Ambient Stones (sea egg), video projection on fired clay, volcanic sand, 2024, is an installation which incorporates a stage-like set featuring various fired clay sculptures painted with mine ochre that capture the projection and create a miniature landscape within the boundaries of the table. The video is of my daughter creating a nest on the shoreline and playing with a stone that she imagined was alive.

Tradewinds (2022)

I had no idea what Tradewinds was about when I made it. Part dance, part mountainscape, part awkward domesticness. A piece of digitally printed fabric being blown around by fans in a room.

There was just this instinctual need to make something about hanging out the laundry. I actually enjoy washing my family’s clothes, there is a simplicity and - historically - it connects me to women all over the world.

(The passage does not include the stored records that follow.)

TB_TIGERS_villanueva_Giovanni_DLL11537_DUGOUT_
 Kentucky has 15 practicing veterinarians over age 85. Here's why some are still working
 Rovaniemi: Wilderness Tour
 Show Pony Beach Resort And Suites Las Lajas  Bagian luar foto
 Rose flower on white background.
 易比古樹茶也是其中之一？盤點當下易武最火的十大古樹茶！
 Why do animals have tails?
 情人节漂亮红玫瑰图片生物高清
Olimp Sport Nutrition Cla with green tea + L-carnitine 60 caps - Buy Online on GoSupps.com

I had relief-printed the floorboards in my kitchen because they are full of intricate wave-like patterns from decades of tree growth and I wanted to blow them up big so they could engulf my body like clothes or water. Then I thought about the wind that dries our clothes, and the winds that have taken humans, animals and seeds around the globe for millennia. And most importantly for me, I thought about the North Atlantic tradewinds that took me from the UK to Lanzarote, where I became a mother and started my own family. Thinking beyond myself, there is also the inescapable fact that these same winds have played such a significant role in the development of our capitalist system, through colonisation and the Atlantic slave trade where the colonial trade pattern follows the clockwise air and water current system in the North Atlantic. The black and white prints were not made to intentionally reference this division of power, however, I’m glad that I feel this narrative could be read in what is a deeply personal piece of work about matriarchy and attempting to reach a connection through materials and processes.


Photograph by Jules Lister, 2022.

A Day Out in Bridlington (making the most of it) 2022, is a double projection of two very different experiences of the landscape in Bridlington. The super-fine maruishi paper moves gently as the viewer walks around it, and the semi-permeable surfaces allow leakage or slippage between the two encounters with the landscapes. The clash of aesthetics and forms, sounds and activities is an attempt to make the most of what is on offer and discover hidden connections between the two worlds. The installation was incorporated into the Hidden exhibition at The School of Fine Art, History of Art & Cultural Studies at The University of Leeds in September 2022.